Reviews

”Burn” starring Alan Cumming at King’s Theatre – Edinburgh International Festival review

Alan Cumming in Burn
Alan Cumming in Burn
© Tommy Ga-Ken Wan

Alan Cumming made his “return” to the Edinburgh International Festival in 2007, starring in the National Theatre of Scotland’s production of The Bacchae. He has been back several times under Fergus Linehan’s directorship, mostly as a cabaret artiste, and now, in Linehan’s final festival, he fronts the main drama production of the first week.

Burn is Cumming’s meditation on and tribute to Rabbie Burns, Scotland’s national Bard. Created alongside choreographer Steven Hoggett, one of his objectives was to get to the real man beneath the shortbread tin image, what’s left when you scrape away the much-quoted verse. Cumming describes Burns as “a hot mess” who struggled with desire, physical affliction and mental health, and this one-man, one-hour show seeks to unmask that mess and interrogate him as a flesh-and-blood character.

Throughout, nostalgia is married to modernity. You see the nostalgia instantly in the show’s look, a black stage with a desk, some chairs and some bundles of clothes. Cumming himself wears close-fitting black dance gear that matches his jet-black hair and painted black nails, contrasting the whitened skin of his face, arms and legs. Consequently the whole visual aesthetic has the whiff of an old black-and-white movie, matched by the monochrome projections that light up the back wall.

Burn has been billed as a dance piece, but that’s the wrong element to focus on. There’s rhythmic movement aplenty, but it’s often closer to mime or even sign language. Cumming moves in time to his own rhythmic speech, jerking in a particular direction to emphasise certain words, but that fades out after the first ten minutes, and the focus lands, as it should do, on the language.

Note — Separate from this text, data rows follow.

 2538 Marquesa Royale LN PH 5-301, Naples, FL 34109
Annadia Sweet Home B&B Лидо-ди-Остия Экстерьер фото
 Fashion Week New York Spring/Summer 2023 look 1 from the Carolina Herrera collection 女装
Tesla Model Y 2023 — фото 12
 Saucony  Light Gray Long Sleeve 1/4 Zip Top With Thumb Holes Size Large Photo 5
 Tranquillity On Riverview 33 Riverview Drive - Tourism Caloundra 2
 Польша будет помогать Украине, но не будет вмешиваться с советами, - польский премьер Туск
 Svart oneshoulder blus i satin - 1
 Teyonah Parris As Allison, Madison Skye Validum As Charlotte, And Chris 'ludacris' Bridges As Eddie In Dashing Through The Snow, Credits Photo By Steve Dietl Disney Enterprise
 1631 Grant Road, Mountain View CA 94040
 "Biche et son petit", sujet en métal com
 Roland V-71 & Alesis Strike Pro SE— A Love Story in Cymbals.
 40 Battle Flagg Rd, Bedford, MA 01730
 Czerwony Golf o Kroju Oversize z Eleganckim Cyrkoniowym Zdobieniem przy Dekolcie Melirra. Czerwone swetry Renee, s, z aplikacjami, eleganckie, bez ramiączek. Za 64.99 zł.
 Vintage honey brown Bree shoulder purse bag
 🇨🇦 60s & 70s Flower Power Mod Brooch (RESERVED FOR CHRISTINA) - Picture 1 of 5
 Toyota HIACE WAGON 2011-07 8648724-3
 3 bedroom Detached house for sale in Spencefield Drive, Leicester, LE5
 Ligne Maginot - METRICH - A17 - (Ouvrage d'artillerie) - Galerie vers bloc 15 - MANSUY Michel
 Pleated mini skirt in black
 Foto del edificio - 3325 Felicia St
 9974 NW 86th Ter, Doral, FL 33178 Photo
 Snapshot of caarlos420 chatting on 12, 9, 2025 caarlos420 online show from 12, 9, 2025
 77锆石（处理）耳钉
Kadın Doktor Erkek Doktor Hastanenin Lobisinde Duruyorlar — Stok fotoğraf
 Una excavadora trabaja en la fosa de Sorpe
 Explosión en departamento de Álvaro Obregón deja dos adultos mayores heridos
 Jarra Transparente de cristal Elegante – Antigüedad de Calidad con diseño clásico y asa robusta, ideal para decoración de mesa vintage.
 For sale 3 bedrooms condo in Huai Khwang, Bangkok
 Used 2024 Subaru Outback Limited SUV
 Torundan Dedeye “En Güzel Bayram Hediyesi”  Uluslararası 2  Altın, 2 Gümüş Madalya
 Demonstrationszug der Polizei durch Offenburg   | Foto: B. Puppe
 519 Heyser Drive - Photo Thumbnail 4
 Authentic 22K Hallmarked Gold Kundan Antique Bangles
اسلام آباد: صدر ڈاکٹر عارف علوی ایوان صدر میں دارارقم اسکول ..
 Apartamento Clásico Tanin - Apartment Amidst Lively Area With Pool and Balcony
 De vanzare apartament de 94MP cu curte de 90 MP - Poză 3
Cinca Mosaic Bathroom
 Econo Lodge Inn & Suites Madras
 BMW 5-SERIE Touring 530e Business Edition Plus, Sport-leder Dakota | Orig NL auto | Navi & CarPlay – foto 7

Drawn from Burns’ poetry and letters, the narrative is partly Burns’ biography from his poverty-stricken upbringing to his dreary life as an exciseman; but we also open windows into his feelings: his hopes, fears, dreams, worries and, importantly, his loves. The tone is wistful, tinged with mischief, and there is rhythmic musicality in its spirit, just as there is in the poetry. It captures the backward-looking mood very well, and it’s an effective way of getting inside the poet’s mind and revealing his personality. Props glide in and out to suggest places, people and situations, one standout being a bunch of rags that, when raised elegantly skywards, turns out to be the dress of one of his great lost loves.

Cumming is the master of his material. He has clearly loved getting under the skin of the poet, one Scottish icon reflecting on another, and there is unmistakeable passion in his performance as he brings his own project to fruition. If there’s a problem then it’s that the episodic nature of the piece feels ultimately quite scattergun. For all the talk about uncovering Burns’ mental health issues (such as suspected depression, or even bipolar disorder), this never goes too deep. In fact, several scenes dissolve into another at the very moment that they’re about to become interesting. That’s a source of frustration, and one of the reasons I found the show diverting rather than gripping. Nor does it help that the final five minutes become unnecessarily frantic, the dance becoming chaotic against a blur of changing colours.

Still, Cumming’s conviction makes him easy to watch, and it’s a neat touch to end the play with Burns, a man like any other, reciting “Auld Lang Syne” in front of the curtain, one of us after all.